> _Data segment_
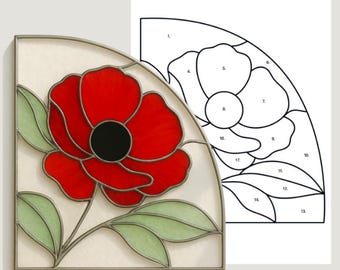Flower Stained glass Pattern Window Corner Decor DIY Suncatcher Stained glass Panel Poppy Pattern
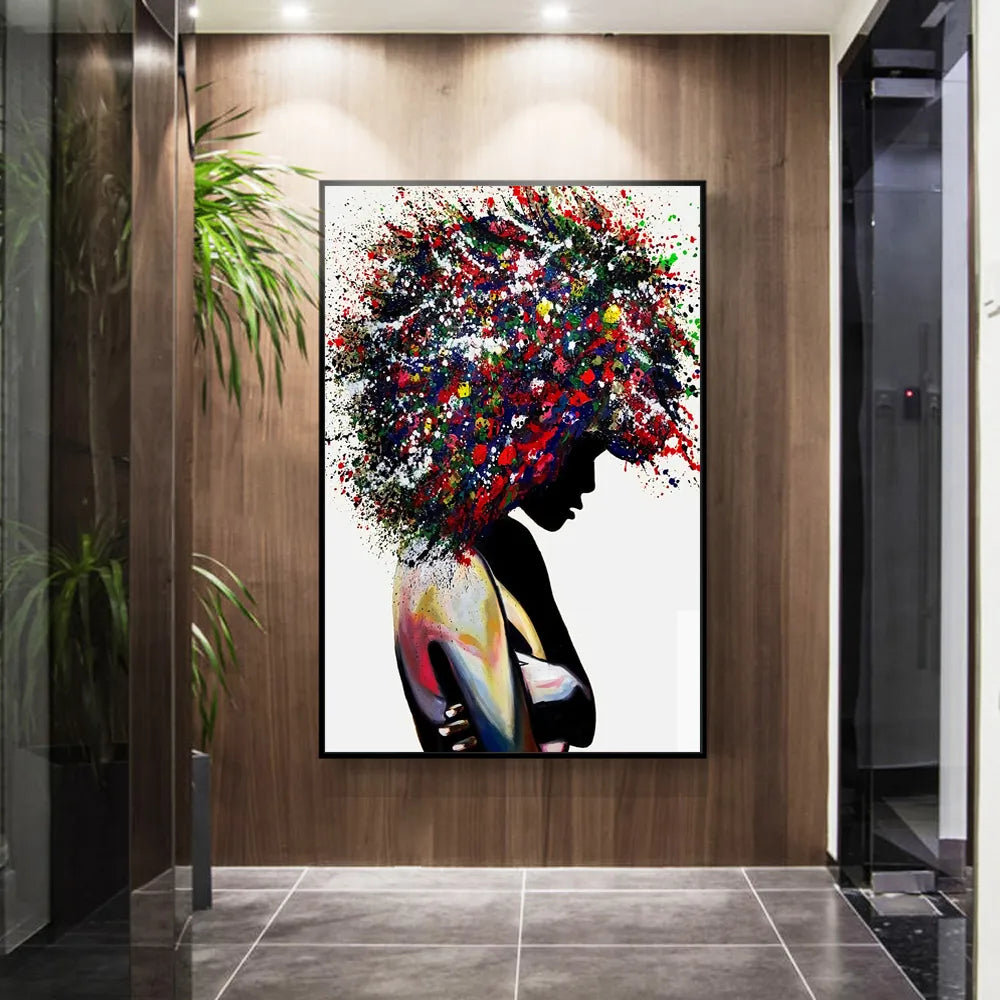 Graffiti Art Of Black Woman Canvas Paintings On the Wall Art Posters And Prints African Woman Modern Art Picture Home Wall Decor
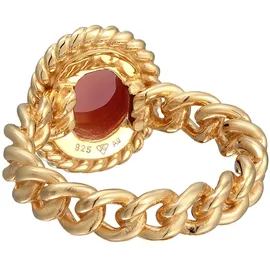 ELLI PREMIUM Fingerring Solitär Edelstein Klassik 925 Silber orange 58
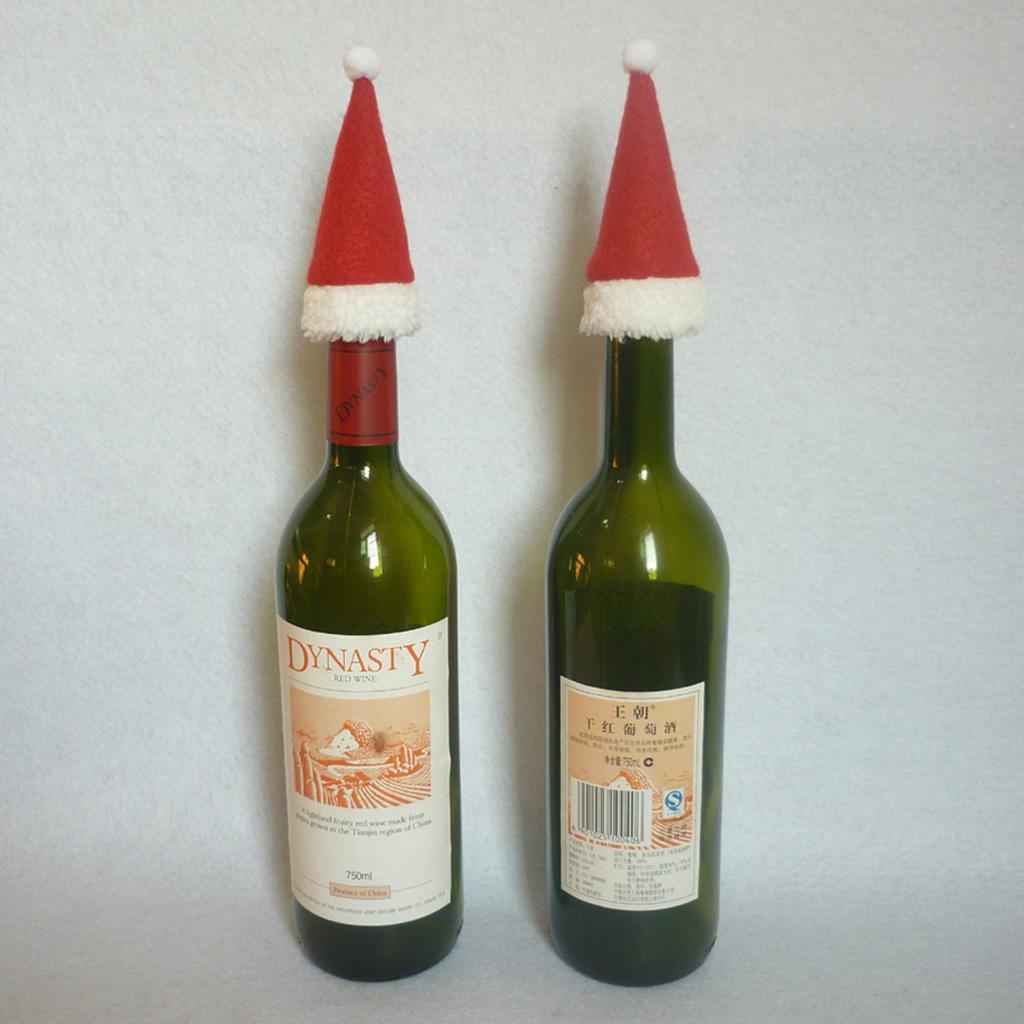 3x Red Non-woven Christmas Decorate for Red Wine Bottle Sets Christmas Hats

> _Exercise goal_
Please return the lines above exactly, with the pictures omitted.

> _Your solution_
Flower Stained glass Pattern Window Corner Decor DIY Suncatcher Stained glass Panel Poppy Pattern
 Graffiti Art Of Black Woman Canvas Paintings On the Wall Art Posters And Prints African Woman Modern Art Picture Home Wall Decor
 ELLI PREMIUM Fingerring Solitär Edelstein Klassik 925 Silber orange 58
 3x Red Non-woven Christmas Decorate for Red Wine Bottle Sets Christmas Hats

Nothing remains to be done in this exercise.